Due to its poor durability, aspen has a very low tolerance for moisture. It’s not advisable to install this type of hardwood in wet areas such as kitchens, bathrooms, and basements. Doing so will result in significant wood rot within a year or so due to the moisture problems.
Aspen hardwood flooring planks are relatively affordable compared to other types of hardwood. You can buy them from $2.30-$9.50 depending on the size and thickness of the planks. Longer and wider aspen planks cost more because you’ll need fewer planks to cover a whole room. Thicker planks are also costlier since a thicker floor boasts better structural stability.
Pros of Aspen Hardwood Flooring
Aspen floors boast excellent stability, as they don’t shrink or swell as much as other hardwood floors as the temperatures fluctuate.
A nice looking floor will definitely elevate your home’s visual aesthetics- and aspen wood flooring does just that. Featuring visually-attractive grain patterns, hardwood flooring doesn’t get more attractive than aspen. Meanwhile, the off-white-light brown shade of aspen wood gives the floor a unique character.

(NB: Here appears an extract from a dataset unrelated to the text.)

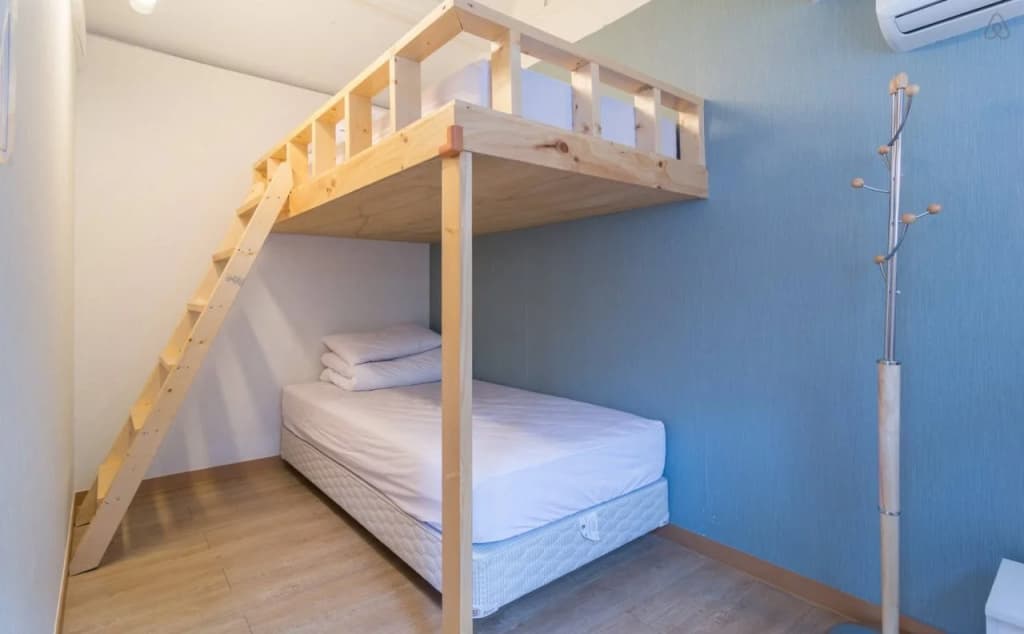 The Present Guesthouse - photo 4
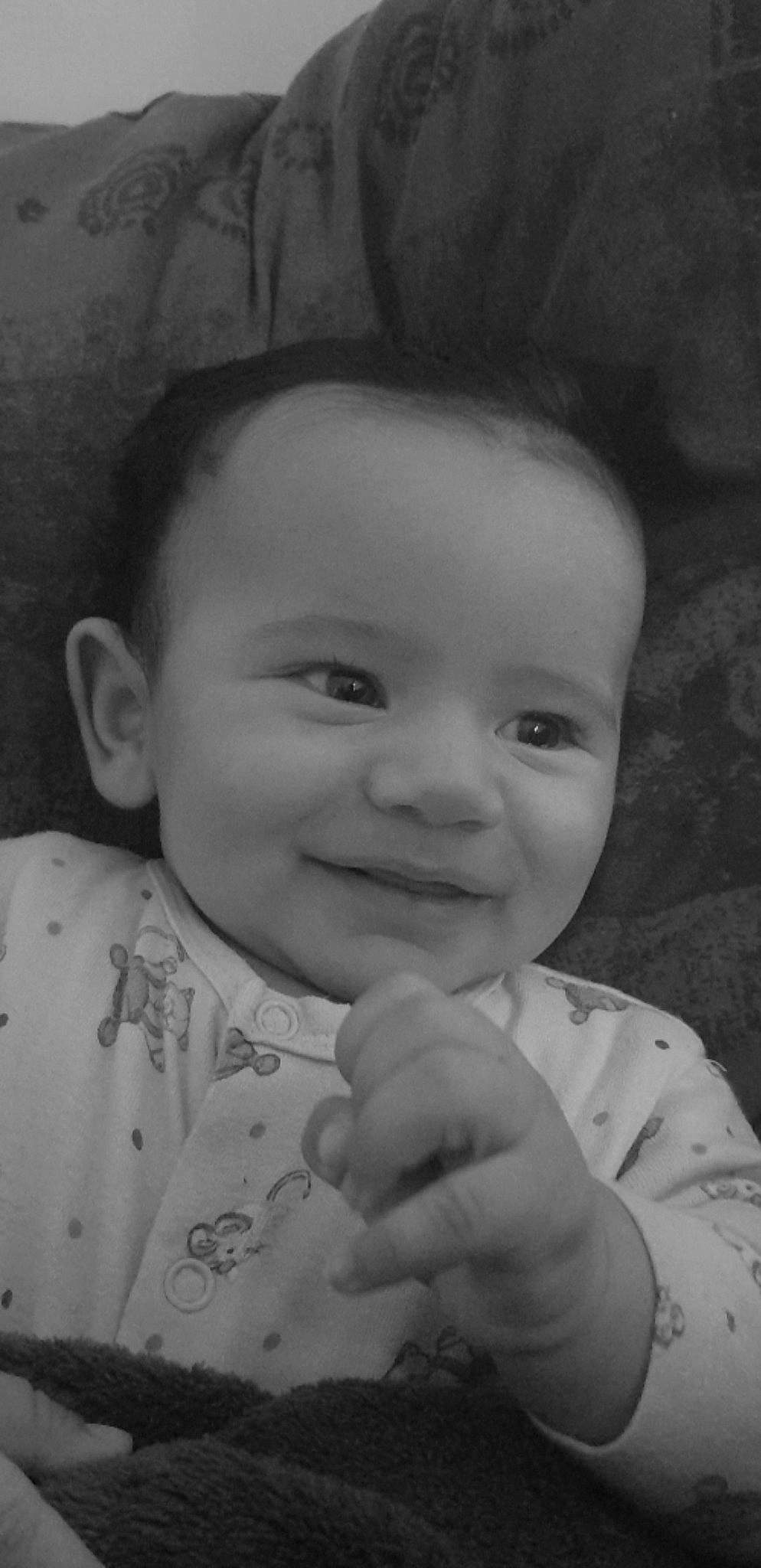 Alassane participe au concours pour gagner de l'argent avec cette photo : arm, cheek, chin, eye, eyebrow, face, flash_photography, forehead, hair, hand, happy, head, human_body, iris, joy, lip, nose, organ, person, skin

Doesn’t Split due to Nailing.
You won’t have a hard time attaching your aspen planks to the subfloor during installation. It doesn’t split even when larger nails are used.
Holds Paint Well.
When it comes to paint-holding ability amongst hardwood, aspen sits at the top of the list. Even when standard house paint is used, you can expect to go for up to four years before needing to repaint your aspen hardwood floor. Meanwhile, superior-quality paints- like iron-oxide paints- will last even longer (6-7 years).
Is Easy to Shape.
If you’re milling aspen flooring planks from aspen logs sourced from your own farm/ranch, you’ll find that they’re very easy to shape.
Has Low Flammability.
If you’re looking for aspen flooring with fire safety in mind, you might as well go for aspen. This type of hardwood isn’t very flammable, compared to other types of hardwood.
Easy to refinish.
Since aspen can be sanded easily, it’s easy to refinish, in case of dents, scratches, and gouges develop on the surface of the floor. What’s more, aspen has one of the best paint holding capabilities amongst all hardwoods.
It’s easy to glue aspen flooring planks to the subfloor, as it bonds well with different types of wood glues regardless of the bonding conditions. When gluing aspen with a water-based glue, you’ll want to mix the glue with more water. This is because aspen absorbs glue well and as such, the adhesive may dry prematurely.
Cons of Aspen Hardwood Flooring
The biggest downside to aspen hardwood flooring is its lack of longevity. It’ll only hold up for about five years or so. It’s due to this reason that homes with aspen flooring have lower market value in the property markets.
Despite having good paint absorption properties, aspen accepts stains unevenly when the subfloor is not level. This can result in a smudgy appearance on the surface of your aspen floor after staining. To prevent this from happening, level the subfloor by sanding and apply a wash coat prior to staining.
Not Readily Available.
Aspen is one of those rare hardwoods that’s rare to find, as most milling factories generally shy away from it. For starters, aspen is not as durable as other common hardwoods. In addition, aspen trees have narrow trunks. Therefore, aspen planks are typically narrow, whereas wider planks are preferred for flooring.
And even if you’re lucky enough to find some aspen hardwood flooring planks, you’ll have a hard time gauging the quality, as aspen isn’t usually graded.
Poor Nail-Holding Capability.
Despite having the advantage of not splitting when nails are driven through it, aspen hardwood doesn’t hold nails too well, vis-à-vis other types of hardwood. Fortunately, you can work your way around this problem by using larger nails that hold better.